Godefroy s'arrêta brusquement. Le moine devant-lui fit de même sans se retourner. La voix semblait venir de tous côtés. Il n'y avait aucun écho.
— L'acoustique n'est pas mal non plus, continua l'inconnu. Cette fois, Godefroy reconnut la voix du jeune et impétueux Grand-Maitre de l'ordre des chevaliers du temple.
— Hugues de Payens ! Que signifie cette mascarade ! Montre-toi afin que je puisse te saluer.
— Godefroy de Bouillon ! Le sire au nom duquel je m'esclaffe sans coup-férir. Te voila grand seigneur. Roi de Jérusalem ! Que peux-tu bien vouloir aux pauvres chevaliers du Christ ?
Godefroy serra les dents. Son sang se mit à bouillonner dans ses veines. Comment cet insolent pouvait-il ainsi lui manquer de respect ? Depuis sa plus tendre enfance, on s'était moqué de son nom. Le moine qui le devançait disparut derrière une colonne alors qu'il préparait sa répartie.
— Assez ! Jérusalem n'a qu'un seul roi et tu le sais. Comment oses-tu blasphémer ainsi ? Montre-toi et cesse tes moqueries !
— Que de bouillonerie, mon cher Godefroy ! Ne perds donc pas patience. Bientôt tu me verras de plus près que tu ne le souhaites. Mais laisse-moi d'abord me régaler un peu de cette aubaine. Le seigneur barbu de Barbant dans ma demeure ! Je me dois d'en profiter un peu.
La main gantelée de fer de Godefroy empoigna la garde de son épée.
— Brabant, impudent ! Mon fief est le Brabant !
***
Un vacarme de rire bon-enfant secoua le bar. Celui qui riait le plus fort était de loin Michel.
— Vous avez entendu ça ? s'écria-t-il, avant de rugir d'hilarité à nouveau.

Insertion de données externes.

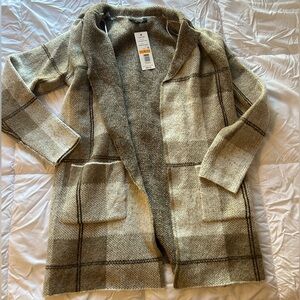 PLAID BEIGE CARDIGAN - BRAND NEW NEVER WORN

Raphaël, se son côté, souriait jusqu'aux oreilles, remarqua Gabriel. L'humour d'Hugues de Payens n'était probablement pas de son gout, mais il se réjouissait par avance de la scène qui ne manquerait pas de suivre. Gabriel s'accouda à la table. Ces imbéciles ne se rendaient pas compte. Ce match était l'aboutissement d'une complexe stratégie. Et tout allait se jouer dans les quelques minutes à venir. Pas de quoi rigoler. Même s'il était vrai que la situation était à se pisser dessus.
***
— Oh ! Le sire veut croiser le fer ! s'écria la voix faussement apeurée du Grand-Maitre toujours invisible.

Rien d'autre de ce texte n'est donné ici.